El Documento final del Sínodo recuerda que «la vida consagrada está llamada a interpelar a la Iglesia y a la sociedad con su voz profética». Necesitamos profetas, es decir, hombres y mujeres de esperanza, siempre directos y nunca débiles, en los que sea reconocible su pasión por la verdad, su unión íntima con Dios y su disponibilidad para entregar la propia vida4. La sinodalidad es un proceso de escucha y discernimiento orientado a la participación en la misión de la Iglesia desde la comunión con Cristo. Porque el encuentro con el Resucitado «implica ser el fermento de Dios en medio de la humanidad». Todo esto debe estar presente en la vida consagrada, experta en sinodalidad práctica. En ella tenemos tres elementos que valorar, desarrollar y compartir:
• La escucha al Espíritu Santo. Solo así podremos abrir procesos de discernimiento en una constante renovación y actualización del carisma, profundizando en él y buscando el modo de vivirlo en radicalidad, según las particulares circunstancias de tiempo, lugar y cultura. Tan peligroso es diluir el carisma, dejando que pierda su fuerza, su ir contracorriente, su capacidad de cuestionar y sacudir las conciencias, como la tentación de fosilizarlo y convertirlo en una referencia falsamente espiritualista, normativa, conceptual y formalista, sin tocar la realidad concreta en la que se desarrolla. El Verbo se hace carne, el Evangelio entra en la historia. Una de las líneas de trabajo en el Sínodo ha sido la de articular unidad y pluralidad, favoreciendo la valoración de los contextos.

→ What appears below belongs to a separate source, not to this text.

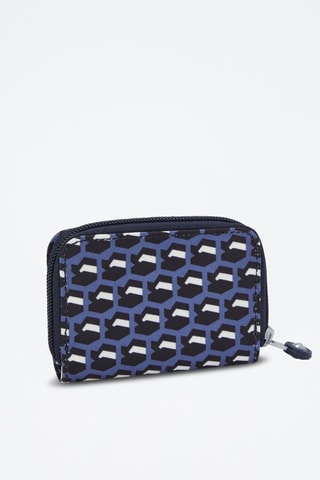 Portefeuille Tops - Bleu marine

- La fraternidad apostólica. El Sínodo ha retomado la imagen de Iglesia como Familia de Dios, asociada al deseo de una Iglesia cercana y relacional, que sea hogar. En un mundo individualista y fracturado, donde crece la polarización y la agresividad, también dentro de la Iglesia, la vida consagrada debe ofrecer un testimonio vivo de comunión cristiana. Tener una sola alma y un solo corazón (cf. Hch 4,32) se presenta como reto y tarea para toda comunidad que celebra la eucaristía. Desde esta unidad en el amor, la integración de la diversidad cultural en la vida consagrada constituye una profecía para la Iglesia y el mundo. Esto nos lleva también al intercambio de dones y a la imprescindible colaboración intercongregacional. Además, el Sínodo hace referencia concreta a dos importantes realidades, que pueden ser de gran ayuda y fuente de inspiración en la Iglesia: las instituciones y procedimientos consolidados (capítulos, visitas canónicas, etc.) y la arraigada cultura de transparencia, rendición de cuentas y evaluación.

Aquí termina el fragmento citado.